Le Sauveur n'était pas encore fort éloigné de Jérusalem, lorsqu'un docteur lui demanda, pour l'éprouver : Maître, que faut-il que je fasse pour hériter de la vie éternelle ? Une pareille question, eût été réjouissante, si celui qui l'adressait à Jésus n'avait pas en pour but de l'éprouver. Le Seigneur le renvoie à la loi. Le scribe en donne parfaitement le résumé. Tu aimeras le Seigneur ton Dieu de tout ton coeur, de toute ton âme, de toute ta force, de toute la pensée, et ton prochain comme toi-même. Les paroles de Jésus durent singulièrement sonner à ses oreilles lorsqu'il lui dit : Fais cela et tu vivras. Il s'effraye et se sent repris. Comme docteur, il savait fort bien que ce commandement avait été donné pour être observé, mais il ne s'était jamais demandé sérieusement s'il l'avait observé. C'est pourquoi, voulant paraître juste, il demanda à Jésus : Qui est mon prochain ? Il était persuadé de n'avoir jamais manqué d'amour pour Dieu ; quant à l'amour du prochain, il ne savait pas à quoi s'en tenir, attendu que la loi ne dit pas qui est le prochain. La parabole du Samaritain compatissant sera une réponse suffisante à sa question : Qui est mon prochain ?

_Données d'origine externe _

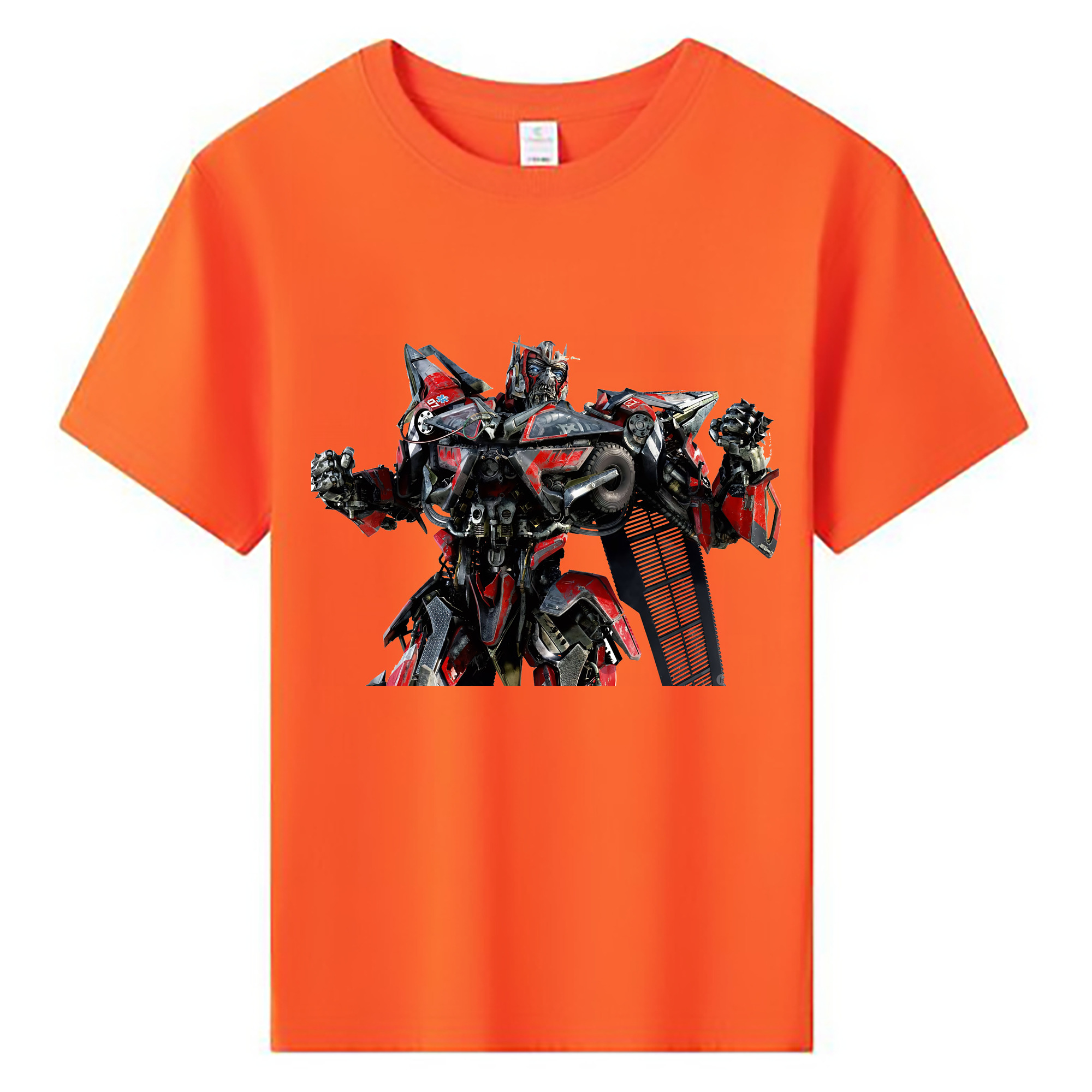 （画像用） Transformers トランスフォーマー 綿100％キッズTシャツ（フロントプリント）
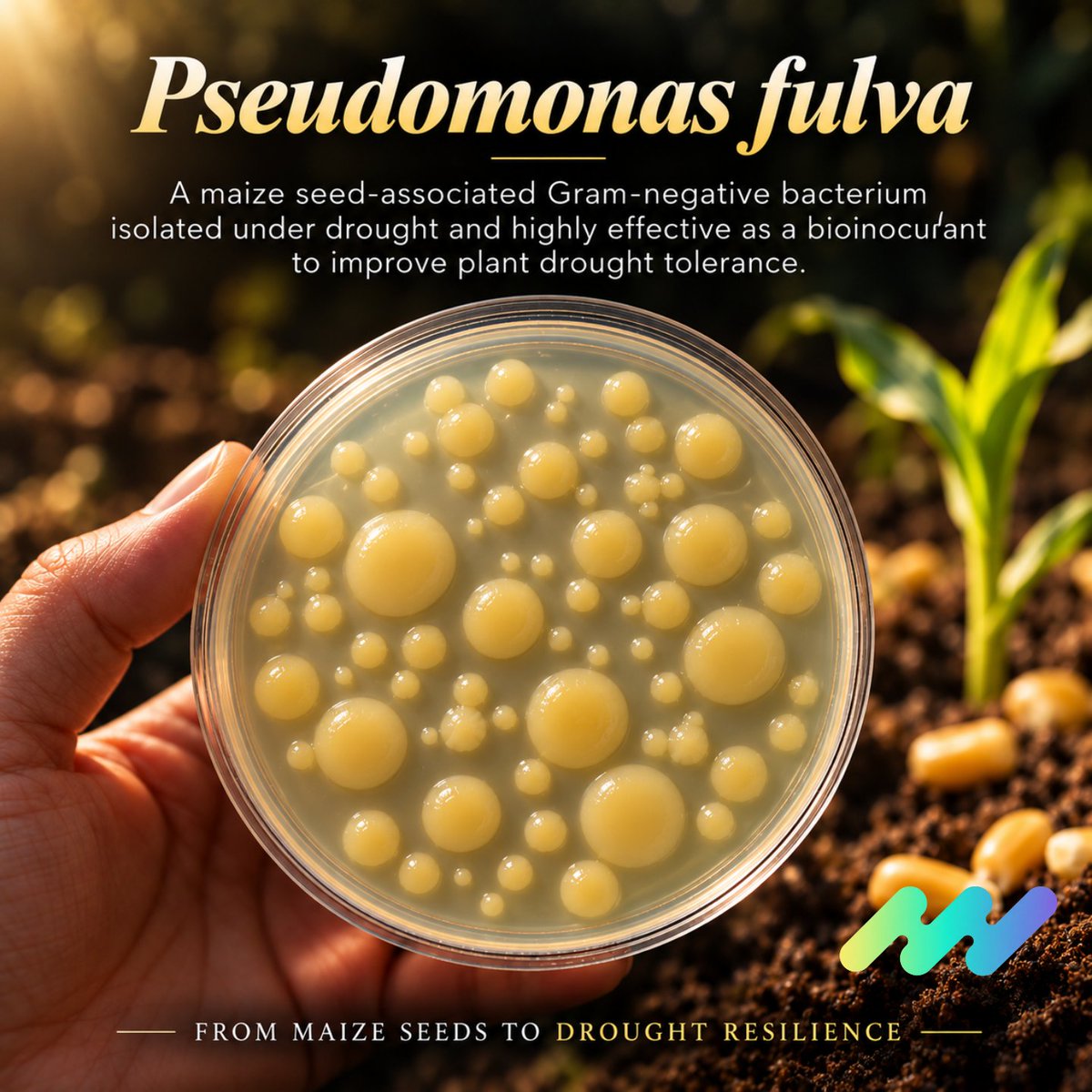 iPlantMicro's tweet photo. MICROBES IN FOCUS · 5/30 | Pseudomonas fulva
Recovered from maize seeds under drought, this strain became one of our most promising isolates and performed well as a bioinoculant under stress.🌽🦠
Sometimes the seed already carries part of the solution!
@itqbnova @greenit_bio4sus https://t.co/3Fndq850wv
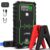 Arrancador de batería de coche 6000 A 27000 mAh con brújula, martillo de seguridad, carga inalámbrica, linterna LED, arrancador portátil UTRAI 12 V para gasolina y diésel 10 L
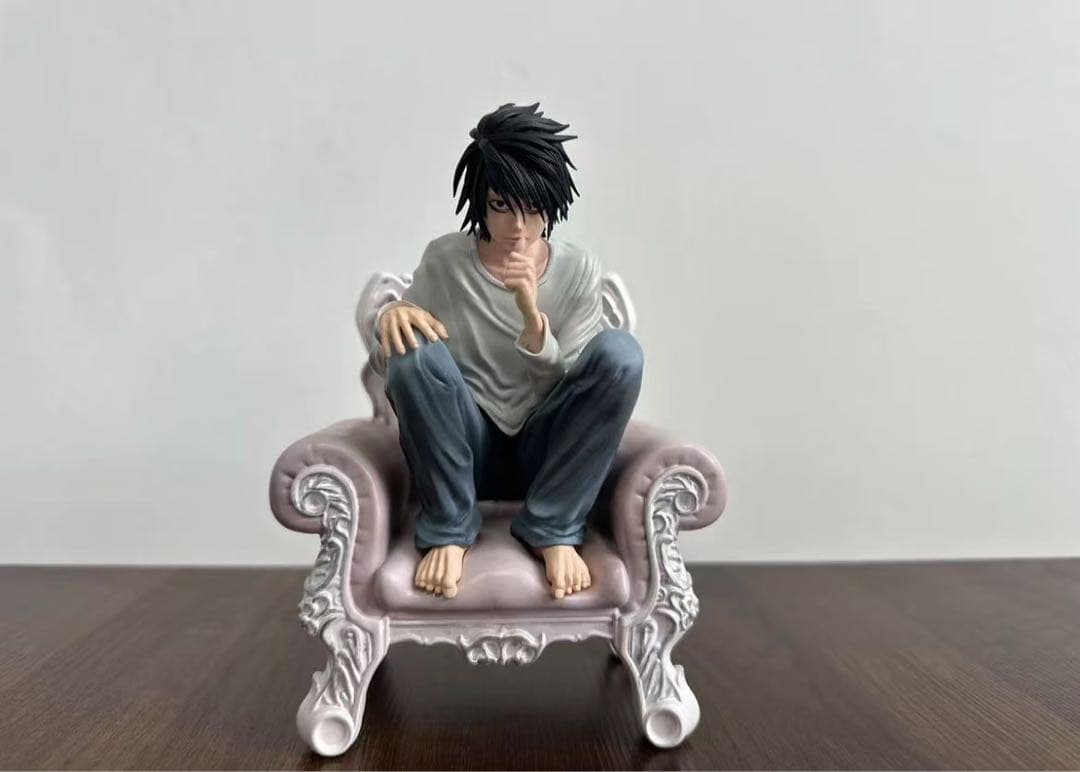 デスノート エル・ローライト L ガレージキット ガレキ スタチュー③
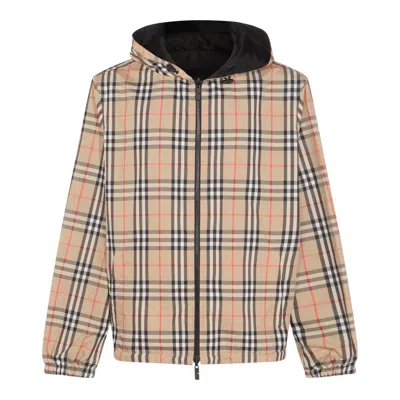 Burberry Jackets In Brown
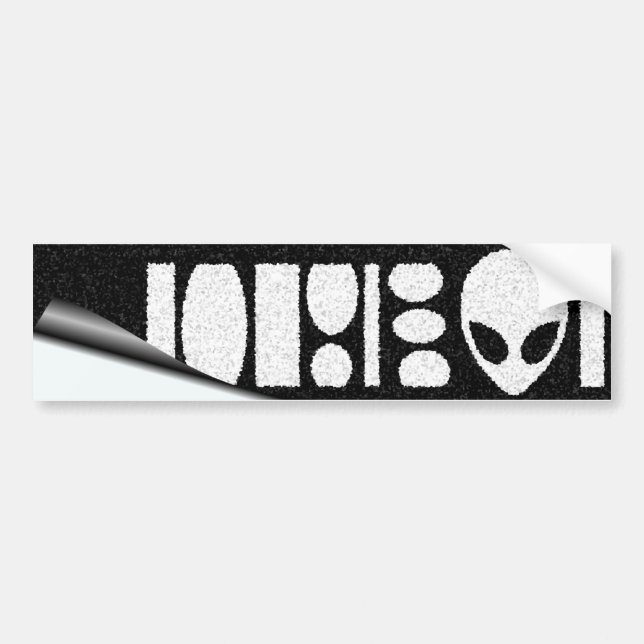 främmande BARCODE! Bildekal (Framsidan)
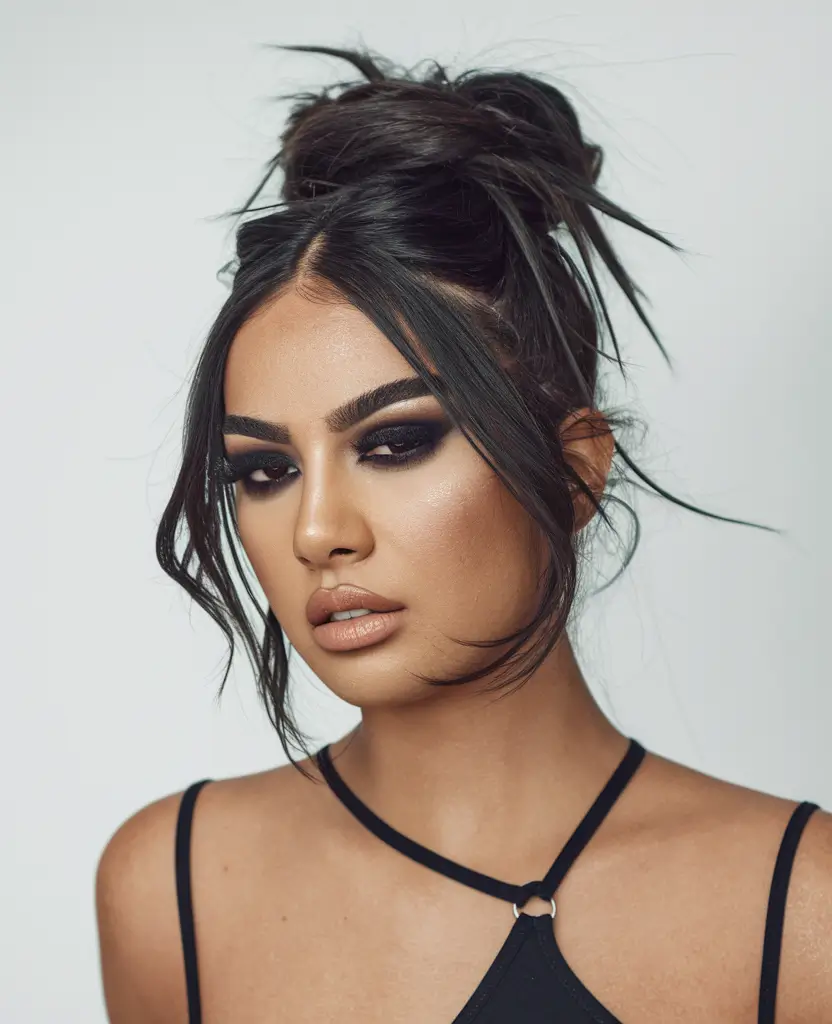 Easy Chic Summer Updo Edgy Textured High Bun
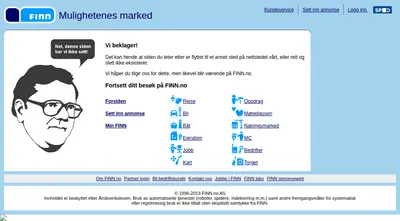 FINN startsida 2000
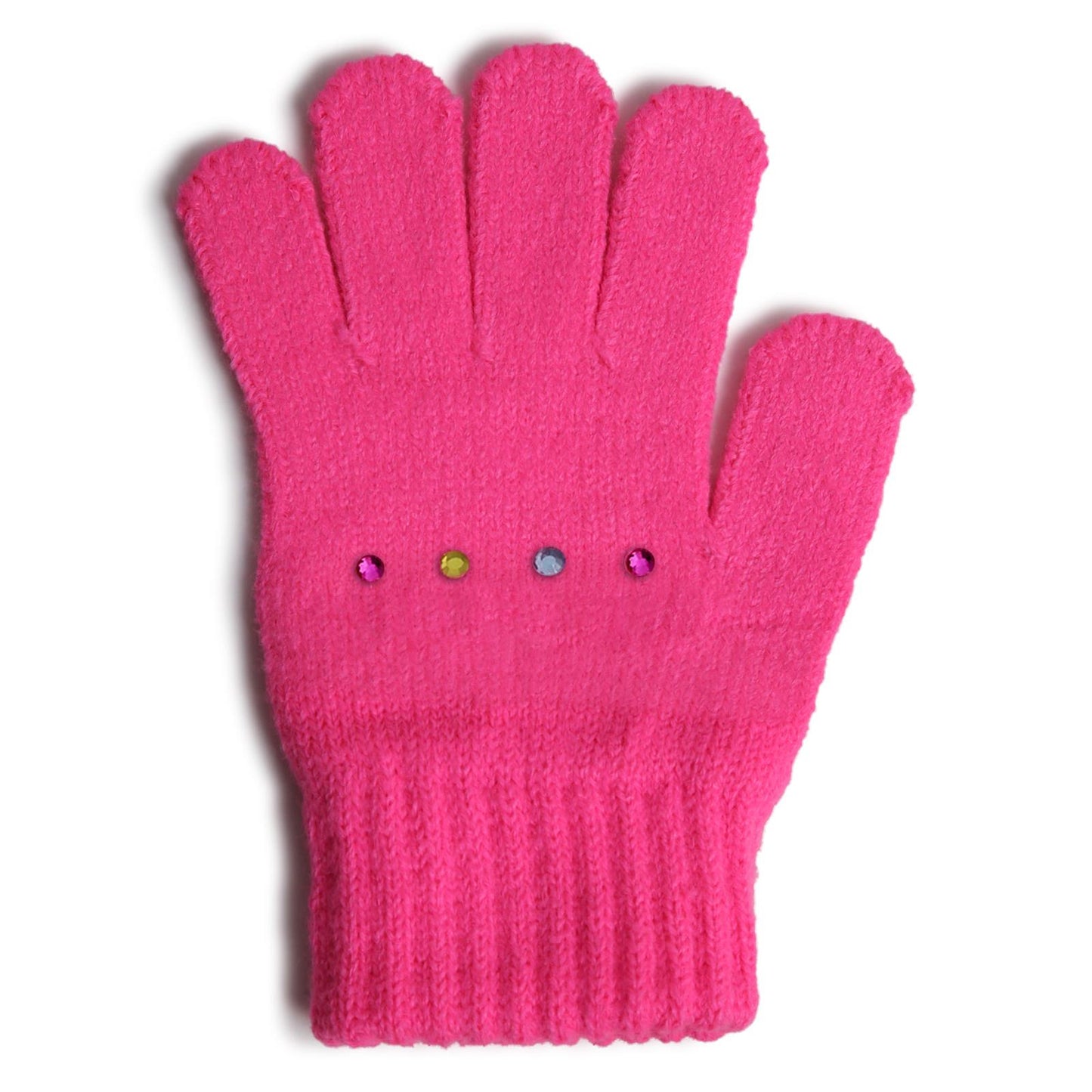 Billieblush - Gants fuchsia à strass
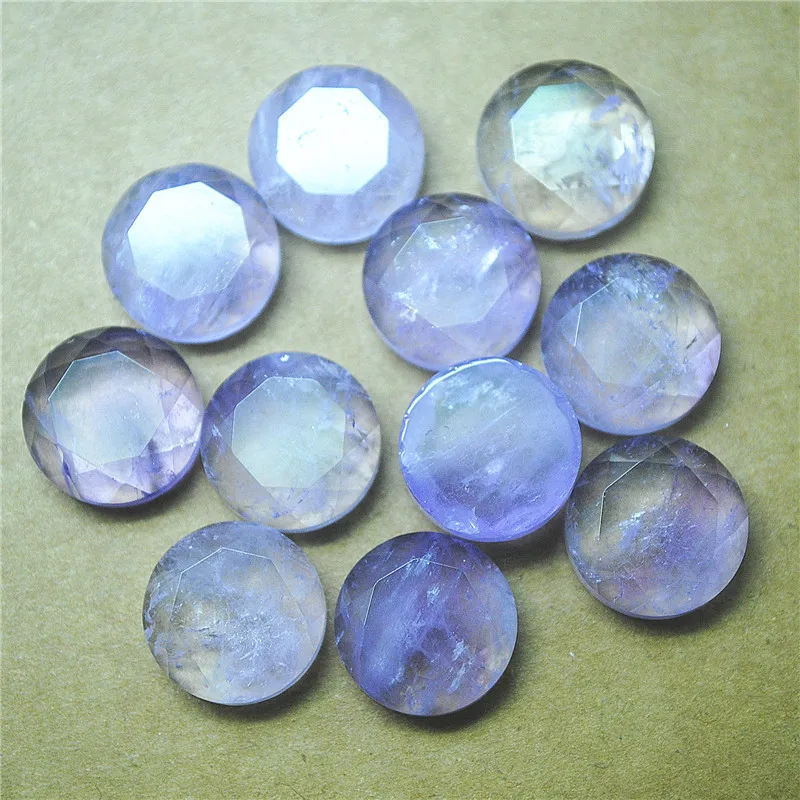 6 قطعة كبوشن الجمشت الطبيعي 13 مللي متر سطح الأحجار الكريمة الأوجه 5 مللي متر الارتفاع نوعية جيدة DIY بها بنفسك مجوهرات اكسسوارات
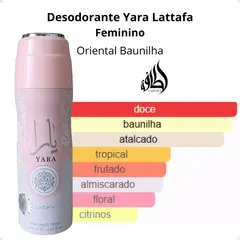 Body Spray Yara Lattafa Feminino na internet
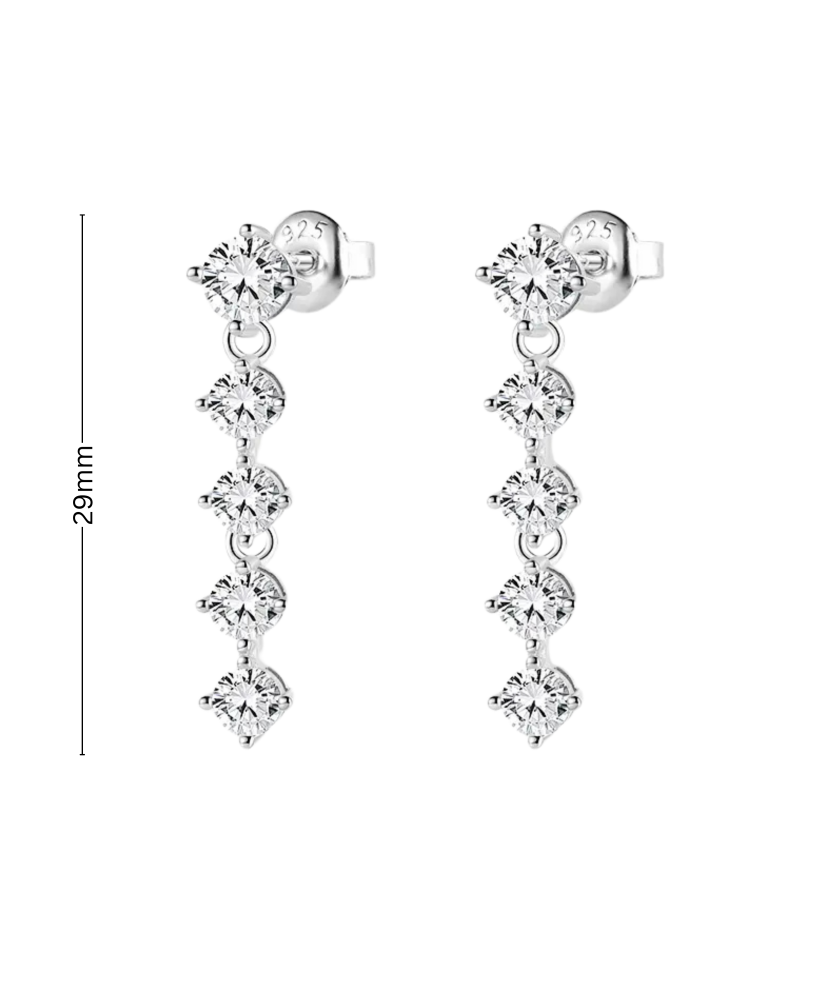 Sterling silver earrings with zircons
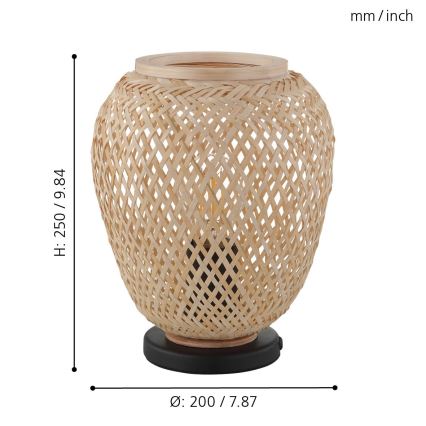 Eglo - Lâmpada de mesa 1xE27/40W/230V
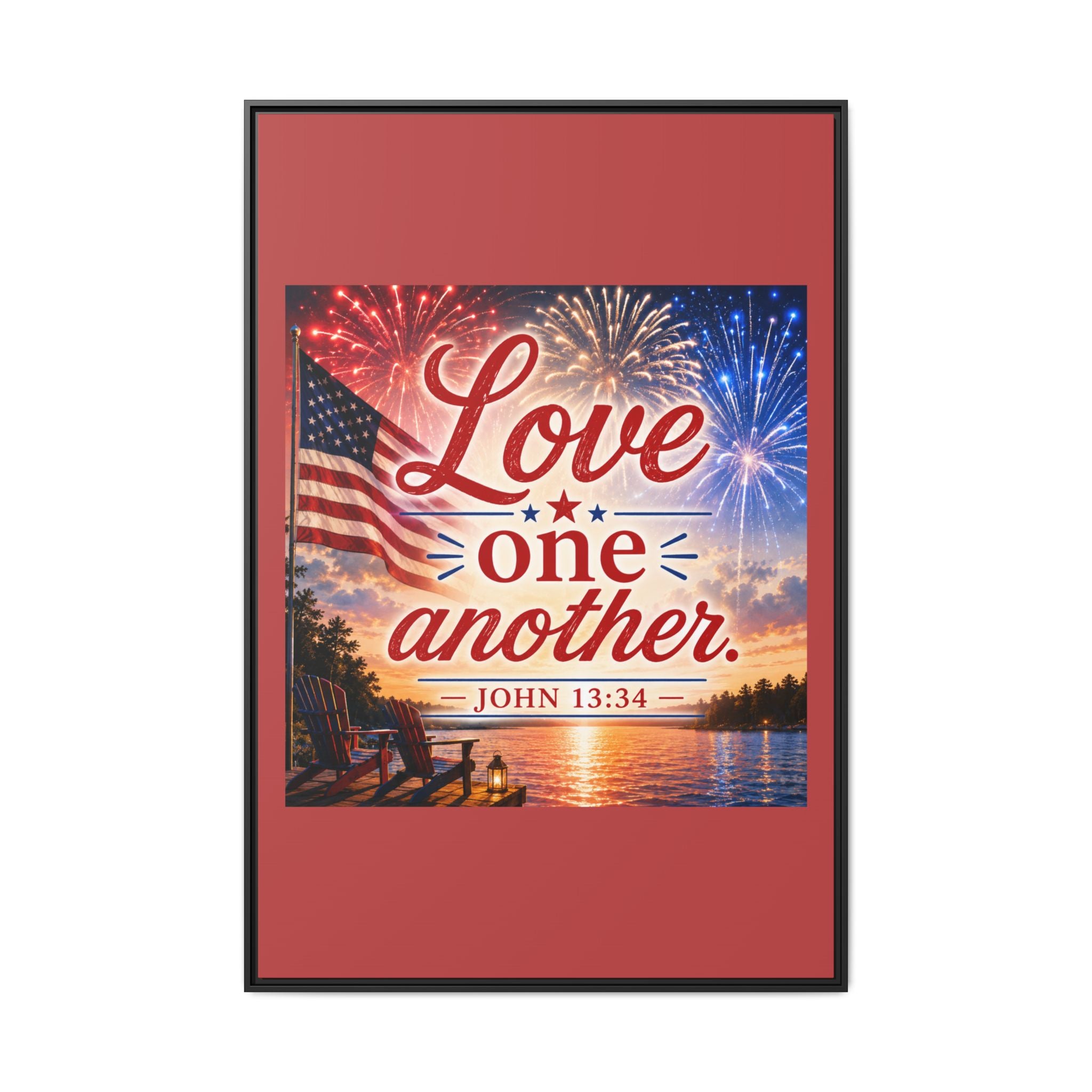 Matte Canvas, Framed (Multi-color)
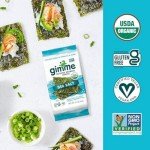 Organic Roasted Seaweed Snacks - Sea Salt, 6 Count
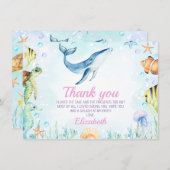 Paysage sous la mer Anniversaire Carte de remercie (Devant / Derrière)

Un homme descendait de Jérusalem à Jéricho, et tomba entre les mains des voleurs qui le dépouillèrent, et après l'avoir blessé de plusieurs coups, ils s'en allèrent, en le laissant à demi-mort. Or, il se rencontra qu'un sacrificateur passa par ce chemin-là, et ayant vu cet homme, il passa outre. Un lévite étant venu, dans le même endroit, et l'ayant vît, passa outre. Il est possible que ces deux hommes vinssent directement de Jérusalem, après avoir rempli leurs fonctions dans le temple. Là, ils avaient assurément jeté un regard dans le coeur de la miséricorde éternelle et avaient appris à exercer la miséricorde. Mais non, leurs coeurs demeurent froids. Ils ne connaissent pas ce malheureux. Il est d'ailleurs couvert de sang. Qui voudrait risquer de se souiller en le touchant ? Et puis les brigands peuvent encore se trouver dans le voisinage, il faut donc se hâter de se mettre soi-même en sûreté. Quiconque se détourne froidement de son prochain dans la peine, a abdiqué les sentiments humains et n'est plus qu'un monstre. Il y en a beaucoup qui prennent plus de soins de leur bête souffrante que de leur voisin malade. Ils se disent pour s'excuser : « Cela ne me regarde pas, qu'il pourvoie à ce qui le concerne ! » Sacrificateurs et lévites et tous ceux qui ont les mêmes sentiments se tiennent pour innocents, du moment où ils n'ont pas levé eux-mêmes une main meurtrière. Ils oublient qu'ils violent le sixième commandement, dès qu'ils négligent de secourir leur prochain et de lui être utile dans tous ses besoins.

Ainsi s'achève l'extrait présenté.